### Task to carry out:
Output all of the lines below exactly, and leave out each image.

### Supplied information:
----------

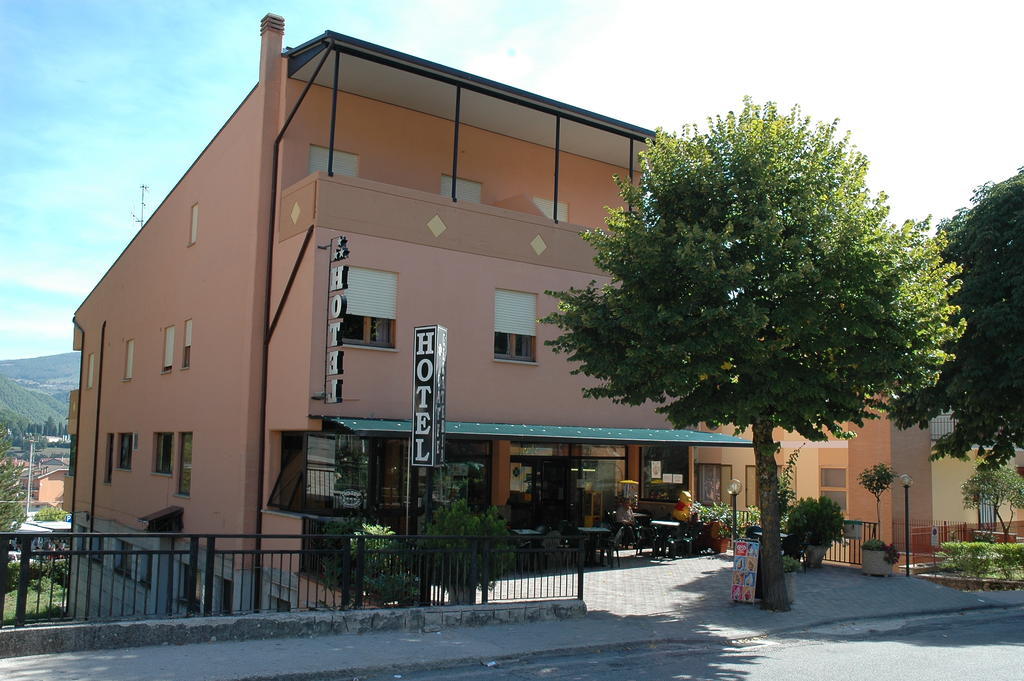 Hotel Il Quadrifoglio Cascia Exterior photo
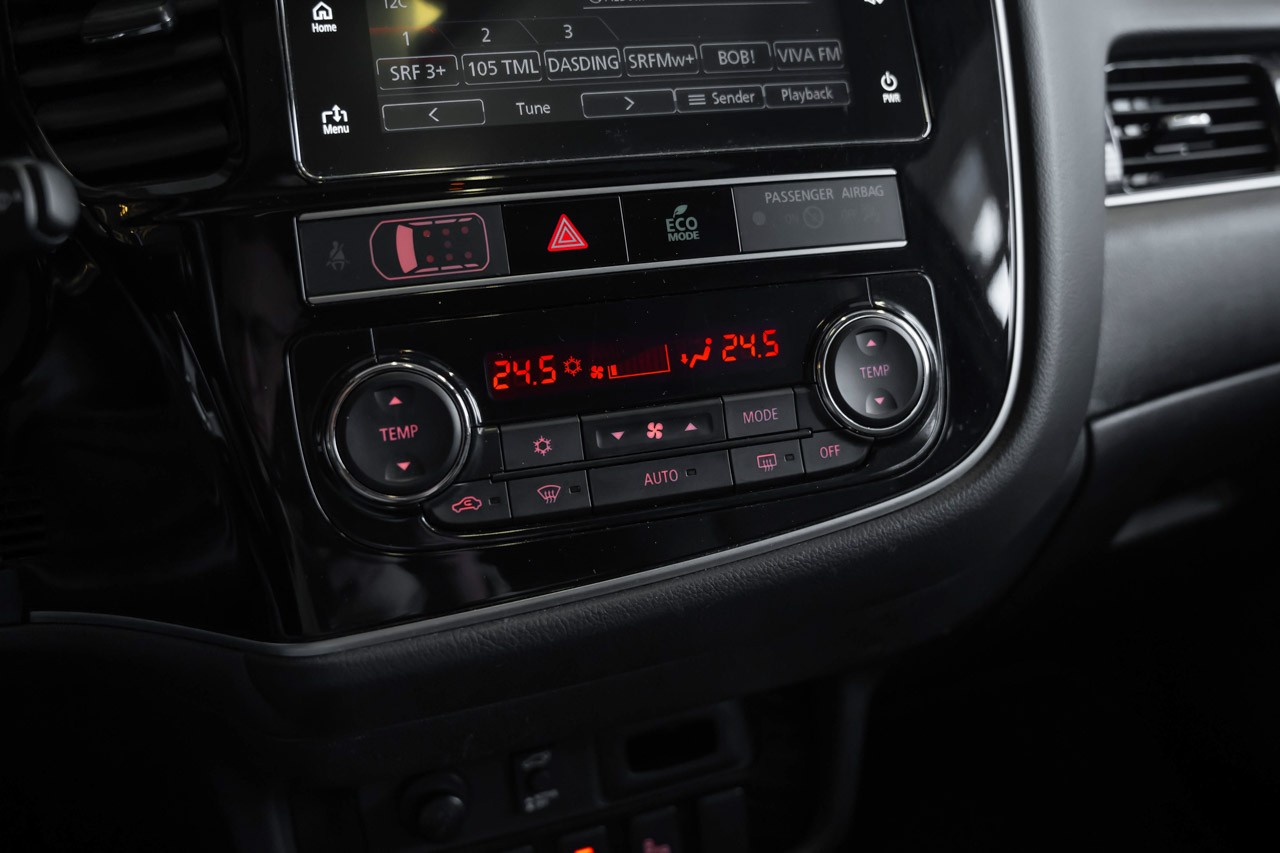 MITSUBISHI Outlander 2.4 PHEV Style 4WD Automatic-image-23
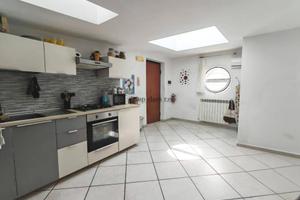 Appartamento di 60 m² con 3 locali a Napoli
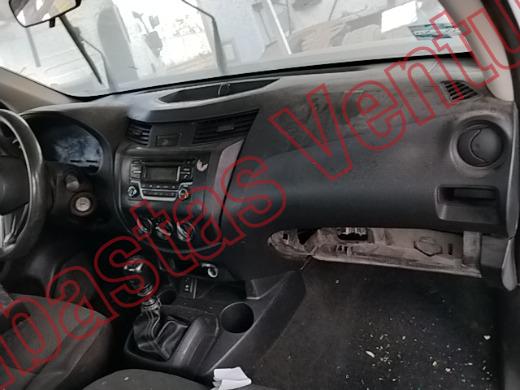 NISSAN NP 300 2021, foto 14 de 19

----------

### Output for this exercise:
 Hotel Il Quadrifoglio Cascia Exterior photo
 MITSUBISHI Outlander 2.4 PHEV Style 4WD Automatic-image-23
 Appartamento di 60 m² con 3 locali a Napoli
 NISSAN NP 300 2021, foto 14 de 19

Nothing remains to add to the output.